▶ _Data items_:
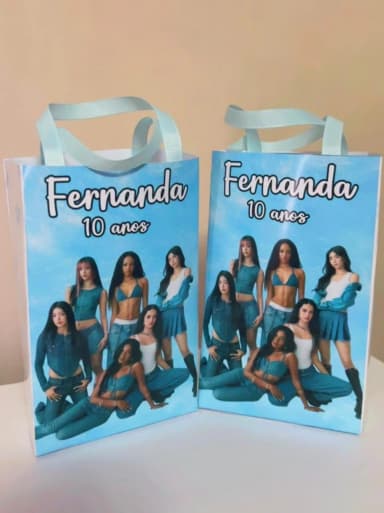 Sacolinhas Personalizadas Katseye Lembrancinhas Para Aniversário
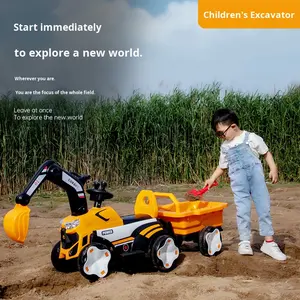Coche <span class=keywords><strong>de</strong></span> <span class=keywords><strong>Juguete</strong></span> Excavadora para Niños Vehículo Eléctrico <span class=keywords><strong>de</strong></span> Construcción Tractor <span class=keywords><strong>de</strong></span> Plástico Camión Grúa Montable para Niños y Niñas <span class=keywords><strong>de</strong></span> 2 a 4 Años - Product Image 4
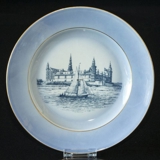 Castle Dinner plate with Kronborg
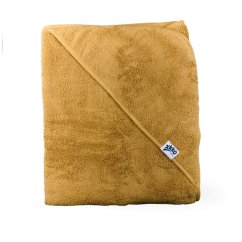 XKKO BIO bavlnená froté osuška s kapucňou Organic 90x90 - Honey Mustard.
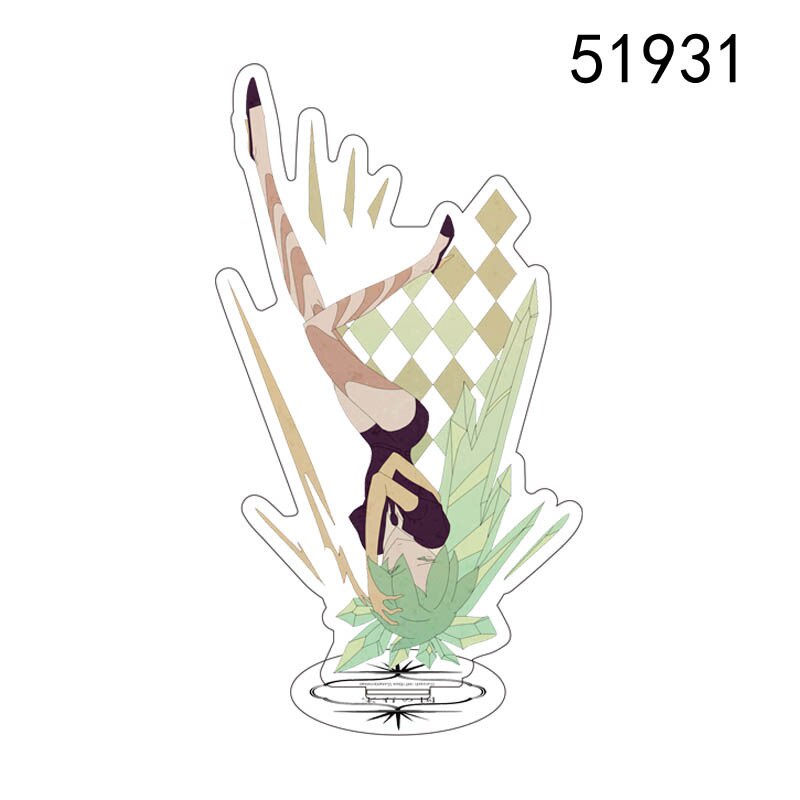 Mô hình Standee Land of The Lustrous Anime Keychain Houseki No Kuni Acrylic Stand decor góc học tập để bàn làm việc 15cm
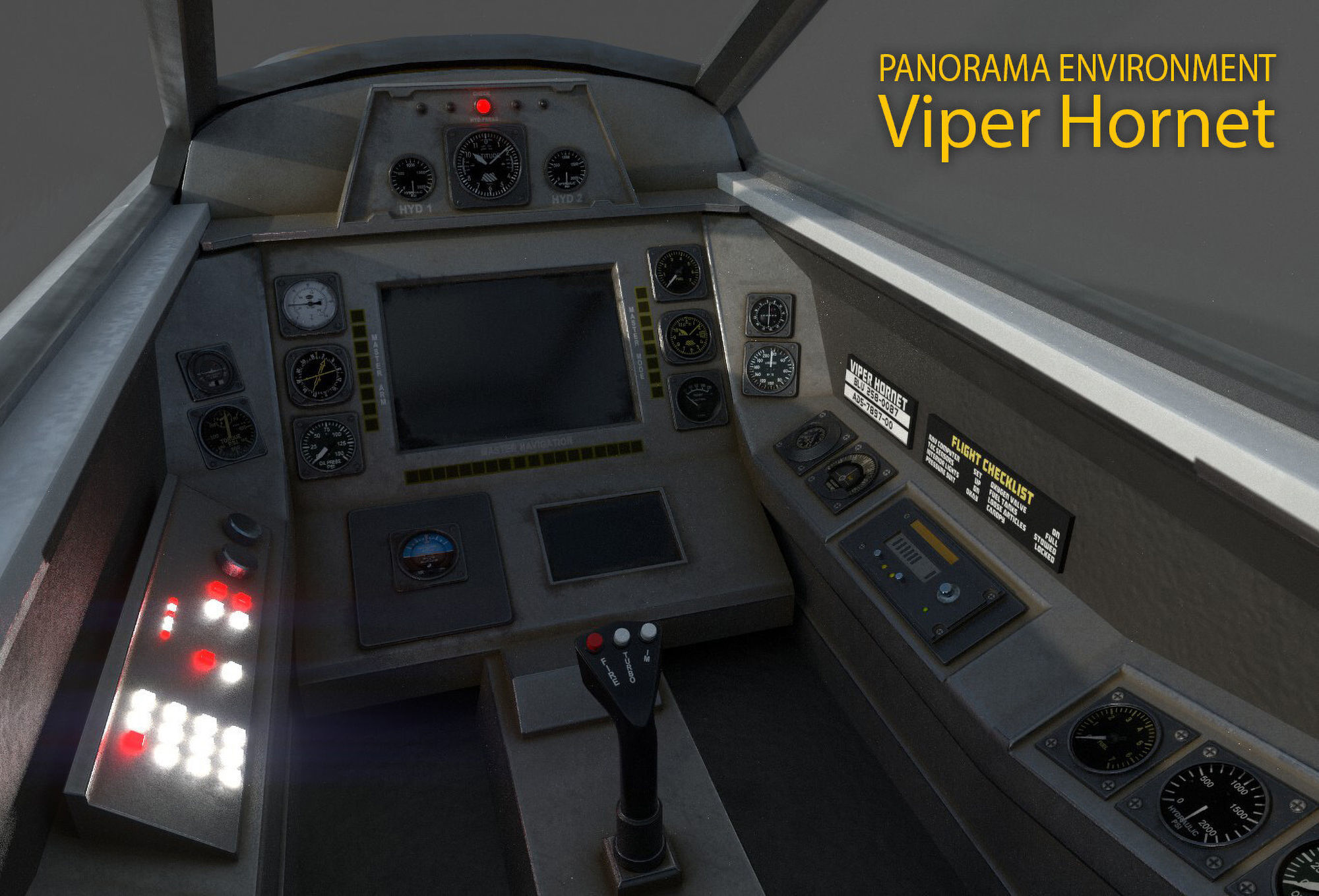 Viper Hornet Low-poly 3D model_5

▶ _AIM OF THE EXERCISE_: Set down exactly, and only, the lines from the one containing "XKKO BIO bavlnená" through the last line of the entries. Pictures do not belong in the copy.

▶ _FINISHED TASK_:
 XKKO BIO bavlnená froté osuška s kapucňou Organic 90x90 - Honey Mustard.
 Mô hình Standee Land of The Lustrous Anime Keychain Houseki No Kuni Acrylic Stand decor góc học tập để bàn làm việc 15cm
 Viper Hornet Low-poly 3D model_5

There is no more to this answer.